- [Task to carry out] The word "Police" occurs in some lines of the listing. Copy those lines.

** Opening Recorded data block **

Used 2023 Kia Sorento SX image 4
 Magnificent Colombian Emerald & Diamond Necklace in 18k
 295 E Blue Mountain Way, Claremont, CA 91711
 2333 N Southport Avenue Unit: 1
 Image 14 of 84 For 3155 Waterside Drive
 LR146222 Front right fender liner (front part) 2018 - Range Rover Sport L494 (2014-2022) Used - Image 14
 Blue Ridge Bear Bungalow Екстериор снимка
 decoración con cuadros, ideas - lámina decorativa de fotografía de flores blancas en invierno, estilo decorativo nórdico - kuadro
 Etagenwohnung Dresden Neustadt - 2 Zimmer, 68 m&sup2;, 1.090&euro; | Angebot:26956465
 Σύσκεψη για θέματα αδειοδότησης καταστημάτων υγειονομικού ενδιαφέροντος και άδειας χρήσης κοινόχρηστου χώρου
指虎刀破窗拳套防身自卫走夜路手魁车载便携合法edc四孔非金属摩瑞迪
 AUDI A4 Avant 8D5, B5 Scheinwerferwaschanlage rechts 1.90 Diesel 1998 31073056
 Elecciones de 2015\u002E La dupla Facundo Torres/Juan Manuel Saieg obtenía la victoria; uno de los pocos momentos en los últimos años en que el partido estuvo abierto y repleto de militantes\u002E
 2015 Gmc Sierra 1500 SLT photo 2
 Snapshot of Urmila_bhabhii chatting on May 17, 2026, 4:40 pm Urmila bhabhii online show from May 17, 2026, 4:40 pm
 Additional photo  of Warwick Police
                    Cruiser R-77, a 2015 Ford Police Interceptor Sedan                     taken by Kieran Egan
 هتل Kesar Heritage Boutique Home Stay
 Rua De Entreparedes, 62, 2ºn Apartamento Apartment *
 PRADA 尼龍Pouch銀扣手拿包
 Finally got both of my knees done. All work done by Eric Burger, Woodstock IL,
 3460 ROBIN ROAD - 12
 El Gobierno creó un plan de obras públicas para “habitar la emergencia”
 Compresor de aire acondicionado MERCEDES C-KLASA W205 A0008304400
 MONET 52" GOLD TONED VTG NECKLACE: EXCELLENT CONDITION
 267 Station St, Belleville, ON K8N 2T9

** Closing Recorded data block **

- [Exercise response]
 Additional photo  of Warwick Police
                    Cruiser R-77, a 2015 Ford Police Interceptor Sedan                     taken by Kieran Egan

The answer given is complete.